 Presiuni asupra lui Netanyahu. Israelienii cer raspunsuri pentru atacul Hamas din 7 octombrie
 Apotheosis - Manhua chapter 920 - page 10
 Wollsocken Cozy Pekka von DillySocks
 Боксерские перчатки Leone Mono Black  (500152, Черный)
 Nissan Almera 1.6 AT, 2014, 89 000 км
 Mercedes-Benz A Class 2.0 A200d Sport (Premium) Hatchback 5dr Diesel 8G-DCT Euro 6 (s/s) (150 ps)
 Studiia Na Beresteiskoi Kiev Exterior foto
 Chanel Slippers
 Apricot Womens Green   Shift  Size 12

=-=-=

== Work order ==
Each line of the material above is to be retyped verbatim.

== Written answer ==
 Presiuni asupra lui Netanyahu. Israelienii cer raspunsuri pentru atacul Hamas din 7 octombrie
 Apotheosis - Manhua chapter 920 - page 10
 Wollsocken Cozy Pekka von DillySocks
 Боксерские перчатки Leone Mono Black  (500152, Черный)
 Nissan Almera 1.6 AT, 2014, 89 000 км
 Mercedes-Benz A Class 2.0 A200d Sport (Premium) Hatchback 5dr Diesel 8G-DCT Euro 6 (s/s) (150 ps)
 Studiia Na Beresteiskoi Kiev Exterior foto
 Chanel Slippers
 Apricot Womens Green   Shift  Size 12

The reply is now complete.